AMD 4th Gen EPYC 9004 Series Launched: Genoa Tested In A Data Center Benchmark Gauntlet

AMD Genoa EPYC 9004 Series Server Workload Performance Testing

amd epyc genoa titanite
The Titanite reference platform is a fairly typical 19” 2U rack server. It is not the focus of our coverage, so we will not cover all of its details, but it is more than sufficient to gauge the performance of a dual socket configuration. This system is kitted out with one and a half terabytes of DDR5 across 24 DIMMs with a 500GB NVMe boot drive.

The stars of the show are a pair each of the EPYC 9654, 9554, and 9374F processors. The EPYC 9654 is the 96-core heavyweight while the EPYC 9554 is likely a better representation of what more customers will likely gravitate towards as a balance of cost and performance. The 9374F is oriented for HPC workloads with its frequency optimizations.

We would like to thank Wendell of Level1Techs for providing us access to a third generation EPYC server for comparison. This server uses dual 64-core EPYC 7773X processors. This is a Milan-X family processor which means it includes 3D V-Cache which can buoy certain memory and cache sensitive workloads.

For our gauntlet, we utilized the Phoronix Test Suite which is open-source and significantly simplifies Linux benchmarking. All of our numbers should be reproducible in your own environment, particularly for those evaluating a platform upgrade.

Coremark Multithreaded General Performance Testing

Without any further ado, we begin our testing with Coremark. Coremark is a very quick no-nonsense multi-threaded CPU test intended for quick comparisons.

epyc genoa coremark cpu

Core for core, we see a significant 1.6x uplift for the EPYC 9554 over its 64-core counterpart, the EPYC 7773X. This test does not stress cache in any particular way, so it is a very straight core-for-core comparison between generations. The frequency optimized EPYC 9374F scales well at about 56% of the EPYC 9554’s performance. On the other end, the 96-core processor does outpace the 64-core EPYC 9554, but only by about 1.3x despite having 1.5x the cores.

7-Zip Compression And Decompression Performance

Next, we looked at 7-Zip compression and decompression.
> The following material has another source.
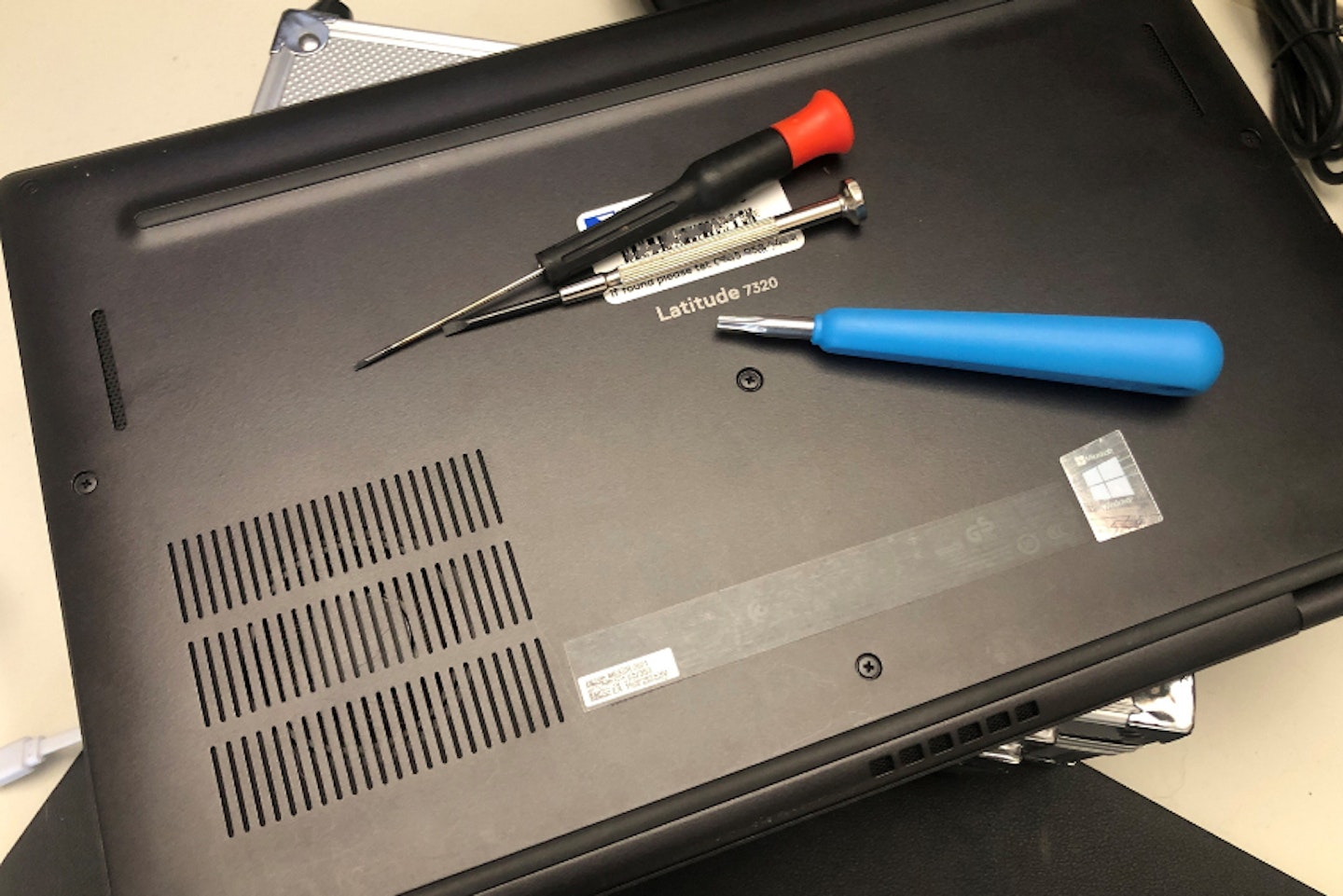 a dell latitude laptop upside down with screwdrivers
The compression workload is influenced by memory and cache performance as well as out of order processing. Decompression is much more integer-driven, but also stresses the branch prediction pipeline.

epyc genoa 7 zip compression

epyc genoa 7 zip decompression

Despite the positive influence of cache size and speed on the compression workload, the Milan-X system performs relatively poorly. It is vastly outstripped by the EPYC 9554, and nearly overtaken by the EPYC 9374F with half its core count. In decompression, the Milan-X platform fares better, likely because the 3D V-Cache can help overcome branch prediction misses. Genoa still puts up a stronger showing overall though we only see about 15-20% performance scaling for the EPYC 9654 over the 9554.
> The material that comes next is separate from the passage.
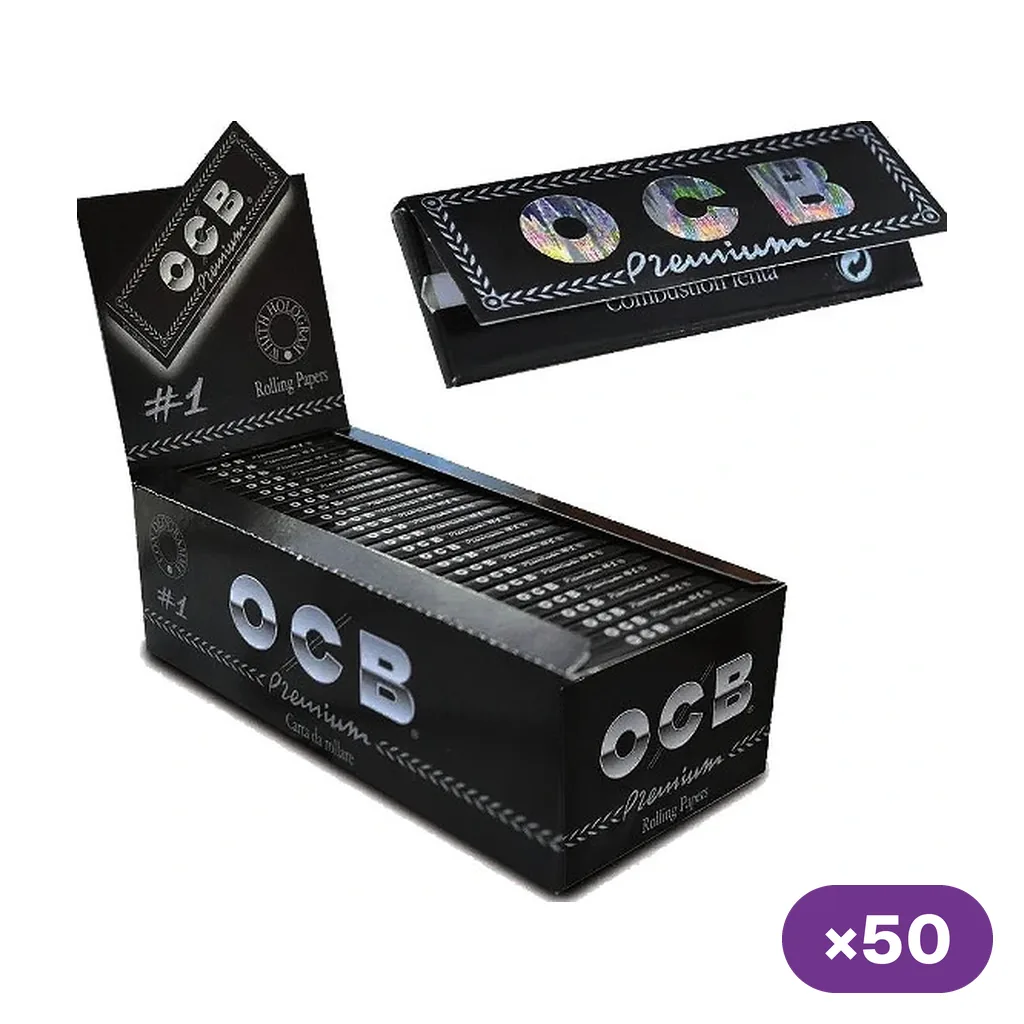 Caja expositora abierta de papel OCB Premium nº 1 con libritos negros, un librito ampliado arriba y distintivo de 50 unidades.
Linux Kernel Compilation Performance

Software compiling is a common task, and building the Linux kernel itself has long been used as a performance benchmark. We tested with defconfig and allmodconfig with results reported in seconds.

epyc genoa build linux defconfig

epyc genoa build linux allmodconfig

With defconfig, the Genoa systems were generally faster than Milan-X, but per-core scaling is a mixed bag. The 64-core EPYC 9554 completed the build fastest, but only about 9% faster than the EPYC 9374F with half its core count. Milan-X failed to build with allmodconfig and we did not have sufficient time to troubleshoot it. Among the Genoa processors, the same overall trend is in place, but there is a 34% lead for the EPYC 9554 over the EPYC 9374F this time.

Blender 3D Rendering On Zen 4 AMD EPYC

Blender is a staple 3D rendering benchmark. We queued up the tried and true BMW scene and gauged the time to render in seconds.

epyc genoa blender bmw

Blender does not show any surprises. Impressively, the EPYC 9374F system completes its render just 1.5 seconds behind the Milan-X 7773X server, which is in turn almost 4.5 seconds slower than the EPYC 9554.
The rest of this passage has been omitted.